**INSTRUCTIONS FOR THE TASK:** Give again the lines of the data from its first line through the line with "2024 Hyundai IONIQ 5 Limited - Photo 6". Change nothing.
....................
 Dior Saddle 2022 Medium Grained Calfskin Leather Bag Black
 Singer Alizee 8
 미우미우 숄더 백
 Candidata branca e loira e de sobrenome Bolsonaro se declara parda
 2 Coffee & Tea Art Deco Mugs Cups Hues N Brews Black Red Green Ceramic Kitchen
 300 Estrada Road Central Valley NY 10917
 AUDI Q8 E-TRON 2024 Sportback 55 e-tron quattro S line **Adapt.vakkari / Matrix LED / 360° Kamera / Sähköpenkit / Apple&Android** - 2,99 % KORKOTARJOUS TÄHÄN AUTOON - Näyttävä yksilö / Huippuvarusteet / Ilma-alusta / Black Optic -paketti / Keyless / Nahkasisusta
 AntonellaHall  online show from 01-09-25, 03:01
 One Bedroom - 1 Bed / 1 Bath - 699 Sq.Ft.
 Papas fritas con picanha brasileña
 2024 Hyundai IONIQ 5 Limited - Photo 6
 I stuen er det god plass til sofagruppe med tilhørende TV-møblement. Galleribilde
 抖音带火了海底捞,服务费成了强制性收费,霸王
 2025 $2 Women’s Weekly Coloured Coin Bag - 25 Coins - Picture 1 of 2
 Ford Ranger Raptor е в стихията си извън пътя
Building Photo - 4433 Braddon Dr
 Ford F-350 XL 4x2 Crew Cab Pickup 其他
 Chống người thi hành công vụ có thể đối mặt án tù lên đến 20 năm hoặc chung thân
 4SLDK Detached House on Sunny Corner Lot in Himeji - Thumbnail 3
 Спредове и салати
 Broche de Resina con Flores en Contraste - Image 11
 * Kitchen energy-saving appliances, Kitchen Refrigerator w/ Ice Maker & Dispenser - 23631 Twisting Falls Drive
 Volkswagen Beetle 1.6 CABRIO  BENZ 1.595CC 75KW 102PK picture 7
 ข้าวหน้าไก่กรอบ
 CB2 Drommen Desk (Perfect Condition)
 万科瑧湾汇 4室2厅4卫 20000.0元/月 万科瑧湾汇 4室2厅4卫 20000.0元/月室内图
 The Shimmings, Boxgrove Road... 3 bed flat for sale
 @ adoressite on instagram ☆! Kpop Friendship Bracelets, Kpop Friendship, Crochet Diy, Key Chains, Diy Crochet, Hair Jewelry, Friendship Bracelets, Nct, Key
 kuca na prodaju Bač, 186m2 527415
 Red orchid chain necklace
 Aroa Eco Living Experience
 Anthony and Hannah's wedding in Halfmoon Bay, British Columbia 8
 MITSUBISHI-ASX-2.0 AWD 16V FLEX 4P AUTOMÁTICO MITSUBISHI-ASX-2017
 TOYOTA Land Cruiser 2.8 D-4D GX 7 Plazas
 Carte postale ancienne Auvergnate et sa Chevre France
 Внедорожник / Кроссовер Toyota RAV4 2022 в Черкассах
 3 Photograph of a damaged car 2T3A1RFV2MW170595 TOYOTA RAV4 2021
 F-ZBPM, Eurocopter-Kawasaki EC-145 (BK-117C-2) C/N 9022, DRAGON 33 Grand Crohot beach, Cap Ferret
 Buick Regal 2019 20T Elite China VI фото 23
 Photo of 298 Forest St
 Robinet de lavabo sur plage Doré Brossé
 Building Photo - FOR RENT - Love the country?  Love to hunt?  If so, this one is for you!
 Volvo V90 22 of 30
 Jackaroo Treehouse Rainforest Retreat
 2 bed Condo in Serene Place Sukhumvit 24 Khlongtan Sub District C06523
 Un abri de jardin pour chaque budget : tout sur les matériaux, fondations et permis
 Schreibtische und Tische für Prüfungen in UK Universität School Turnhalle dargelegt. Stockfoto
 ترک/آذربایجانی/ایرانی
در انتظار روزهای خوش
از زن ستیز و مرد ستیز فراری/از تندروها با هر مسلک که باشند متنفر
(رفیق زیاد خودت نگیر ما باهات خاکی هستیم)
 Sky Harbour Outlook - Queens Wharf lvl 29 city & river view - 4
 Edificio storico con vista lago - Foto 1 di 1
....................
**RESPONSE TO THE TASK:**
 Dior Saddle 2022 Medium Grained Calfskin Leather Bag Black
 Singer Alizee 8
 미우미우 숄더 백
 Candidata branca e loira e de sobrenome Bolsonaro se declara parda
 2 Coffee & Tea Art Deco Mugs Cups Hues N Brews Black Red Green Ceramic Kitchen
 300 Estrada Road Central Valley NY 10917
 AUDI Q8 E-TRON 2024 Sportback 55 e-tron quattro S line **Adapt.vakkari / Matrix LED / 360° Kamera / Sähköpenkit / Apple&Android** - 2,99 % KORKOTARJOUS TÄHÄN AUTOON - Näyttävä yksilö / Huippuvarusteet / Ilma-alusta / Black Optic -paketti / Keyless / Nahkasisusta
 AntonellaHall  online show from 01-09-25, 03:01
 One Bedroom - 1 Bed / 1 Bath - 699 Sq.Ft.
 Papas fritas con picanha brasileña
 2024 Hyundai IONIQ 5 Limited - Photo 6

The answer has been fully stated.